§ **REQUIRED WORK**: Look through the material below for "Women". Copy every line that contains it.
--- START ---
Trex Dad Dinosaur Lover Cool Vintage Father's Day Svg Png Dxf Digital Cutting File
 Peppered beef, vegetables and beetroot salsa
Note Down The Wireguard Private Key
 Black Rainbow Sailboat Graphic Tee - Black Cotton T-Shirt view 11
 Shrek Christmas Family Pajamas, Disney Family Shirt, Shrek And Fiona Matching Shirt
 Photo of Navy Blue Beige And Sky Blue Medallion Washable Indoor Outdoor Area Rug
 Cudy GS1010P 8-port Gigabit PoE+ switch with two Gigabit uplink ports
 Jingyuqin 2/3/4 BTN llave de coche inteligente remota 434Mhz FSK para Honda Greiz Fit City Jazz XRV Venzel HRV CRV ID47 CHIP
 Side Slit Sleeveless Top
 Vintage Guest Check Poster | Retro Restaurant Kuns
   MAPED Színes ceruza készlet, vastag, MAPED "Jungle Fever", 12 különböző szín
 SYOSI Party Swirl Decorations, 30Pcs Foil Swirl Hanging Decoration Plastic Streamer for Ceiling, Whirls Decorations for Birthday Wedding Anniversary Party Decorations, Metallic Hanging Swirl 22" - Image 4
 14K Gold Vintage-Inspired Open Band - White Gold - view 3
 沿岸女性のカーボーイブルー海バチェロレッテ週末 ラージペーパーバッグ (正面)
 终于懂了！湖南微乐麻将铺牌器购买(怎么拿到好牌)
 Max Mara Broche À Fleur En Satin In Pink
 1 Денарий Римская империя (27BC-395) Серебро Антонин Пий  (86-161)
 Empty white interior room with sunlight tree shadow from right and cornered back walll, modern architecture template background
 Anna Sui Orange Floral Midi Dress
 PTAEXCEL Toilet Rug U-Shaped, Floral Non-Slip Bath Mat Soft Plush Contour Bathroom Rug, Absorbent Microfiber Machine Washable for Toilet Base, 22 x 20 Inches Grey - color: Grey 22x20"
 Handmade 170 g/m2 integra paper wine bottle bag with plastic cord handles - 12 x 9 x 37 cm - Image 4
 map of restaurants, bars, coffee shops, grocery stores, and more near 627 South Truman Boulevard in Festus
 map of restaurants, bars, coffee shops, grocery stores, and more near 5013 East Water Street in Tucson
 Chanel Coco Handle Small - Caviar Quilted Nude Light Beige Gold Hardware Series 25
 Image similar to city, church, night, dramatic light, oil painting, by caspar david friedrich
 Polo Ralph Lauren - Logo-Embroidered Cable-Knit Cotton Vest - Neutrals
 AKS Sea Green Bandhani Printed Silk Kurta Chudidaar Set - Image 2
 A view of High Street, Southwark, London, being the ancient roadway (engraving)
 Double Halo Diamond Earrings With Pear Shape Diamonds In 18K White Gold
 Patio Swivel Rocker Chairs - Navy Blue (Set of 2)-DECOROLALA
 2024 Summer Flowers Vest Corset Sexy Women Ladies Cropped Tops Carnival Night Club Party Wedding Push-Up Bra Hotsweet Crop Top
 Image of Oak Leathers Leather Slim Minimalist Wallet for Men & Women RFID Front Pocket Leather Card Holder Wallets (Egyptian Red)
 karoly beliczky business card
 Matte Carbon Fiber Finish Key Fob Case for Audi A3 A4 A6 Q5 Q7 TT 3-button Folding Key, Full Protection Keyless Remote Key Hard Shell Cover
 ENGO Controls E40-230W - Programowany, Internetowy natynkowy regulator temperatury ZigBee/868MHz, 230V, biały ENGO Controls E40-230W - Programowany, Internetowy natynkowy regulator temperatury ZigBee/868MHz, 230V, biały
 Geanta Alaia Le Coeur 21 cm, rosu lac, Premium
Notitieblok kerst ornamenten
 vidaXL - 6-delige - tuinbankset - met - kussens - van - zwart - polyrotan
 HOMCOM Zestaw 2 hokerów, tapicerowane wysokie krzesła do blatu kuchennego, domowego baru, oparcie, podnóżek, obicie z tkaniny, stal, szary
--- END ---
§ **REPLY TO THE TASK**:
 2024 Summer Flowers Vest Corset Sexy Women Ladies Cropped Tops Carnival Night Club Party Wedding Push-Up Bra Hotsweet Crop Top
 Image of Oak Leathers Leather Slim Minimalist Wallet for Men & Women RFID Front Pocket Leather Card Holder Wallets (Egyptian Red)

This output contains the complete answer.